Derivatives are required: If the JSON file lists tabular files, DV creates RData derivatives on the fly (if they don’t already exist) and sends them to Archivematica for processing with the rest of the dataset
Derivatives are optional: If RData derivatives are not available, Archivematica skips the file, excludes it from subsequent jobs, and continues processing. A log of skipped RData derivatives should also be generated
Derivatives are excluded: Archivematica only receives user-uploaded data files (i.e. tab-delimited and RData derivatives from DV are not sent to AM for processing), with the rationale that they could all be recreated.

In all cases, an exception should be made for files that are originally in RData format: an RData derivative is unnecessary and should not be expected. Generating an RData derivative may also cause an overwrite of the original, which will create a separate problem.

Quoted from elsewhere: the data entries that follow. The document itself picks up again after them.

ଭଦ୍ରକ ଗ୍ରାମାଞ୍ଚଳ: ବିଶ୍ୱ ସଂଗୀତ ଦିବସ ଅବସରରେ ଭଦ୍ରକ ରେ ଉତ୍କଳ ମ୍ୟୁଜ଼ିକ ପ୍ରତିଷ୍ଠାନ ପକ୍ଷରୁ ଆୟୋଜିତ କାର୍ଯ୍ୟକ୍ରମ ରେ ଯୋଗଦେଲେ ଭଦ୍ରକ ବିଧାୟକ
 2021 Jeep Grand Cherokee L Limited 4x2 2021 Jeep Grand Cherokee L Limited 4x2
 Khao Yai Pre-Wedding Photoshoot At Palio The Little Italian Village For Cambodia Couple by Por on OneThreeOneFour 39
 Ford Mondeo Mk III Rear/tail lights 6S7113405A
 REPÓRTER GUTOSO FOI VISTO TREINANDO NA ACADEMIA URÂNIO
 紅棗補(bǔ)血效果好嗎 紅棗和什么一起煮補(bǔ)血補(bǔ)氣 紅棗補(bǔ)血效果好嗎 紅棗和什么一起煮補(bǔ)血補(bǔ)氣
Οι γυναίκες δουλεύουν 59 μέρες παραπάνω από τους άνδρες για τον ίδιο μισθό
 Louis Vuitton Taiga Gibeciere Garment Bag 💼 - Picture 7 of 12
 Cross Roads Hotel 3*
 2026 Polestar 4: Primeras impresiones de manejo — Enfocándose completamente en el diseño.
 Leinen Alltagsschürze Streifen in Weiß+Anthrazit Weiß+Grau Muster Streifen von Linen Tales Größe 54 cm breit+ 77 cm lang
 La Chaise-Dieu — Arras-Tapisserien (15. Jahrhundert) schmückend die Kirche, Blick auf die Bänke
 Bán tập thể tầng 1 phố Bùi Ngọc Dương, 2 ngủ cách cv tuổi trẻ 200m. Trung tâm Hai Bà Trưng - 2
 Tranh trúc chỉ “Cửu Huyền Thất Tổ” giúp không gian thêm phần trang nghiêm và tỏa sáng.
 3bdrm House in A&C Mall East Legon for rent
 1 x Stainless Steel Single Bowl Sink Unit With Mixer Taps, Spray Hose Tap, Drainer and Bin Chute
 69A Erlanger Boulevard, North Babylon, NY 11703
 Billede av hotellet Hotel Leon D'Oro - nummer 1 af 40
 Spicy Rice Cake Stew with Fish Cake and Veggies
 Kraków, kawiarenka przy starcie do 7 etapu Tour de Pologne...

What we would like to know is: which approach makes the most sense to you? Is there another approach that we might take instead? In general, how are you using or planning to use the DV integration?

Many thanks in advance!

Julie

Scholars Portal

Corey Davis

unread,

Apr 15, 2025, 5:25:15 AM4/15/25

to archivematica

Our preferred approach at UVic Libraries would be to treat RData derivatives as optional and log their absence when they are not present in the dataset at the time of export from Dataverse.

Rationale:

Archivematica workflows should only process what is explicitly present in the dataset. Automatically generating RData derivatives on the fly introduces preservation risks, especially when there are original .RData files that could be unintentionally overwritten, as you mention.
Logging the absence of a derivative provides clarity and auditability for curators and end users reviewing the preservation history.
This approach accommodates varying depositor practices and doesn’t assume consistent use of the RData generation feature across datasets.

If technically feasible, we’d also recommend incorporating a brief PREMIS event in the METS file to note when a derivative was expected but not available. This would ensure that any skipped processing steps are clearly recorded in the preservation metadata, supporting future audit and validation processes.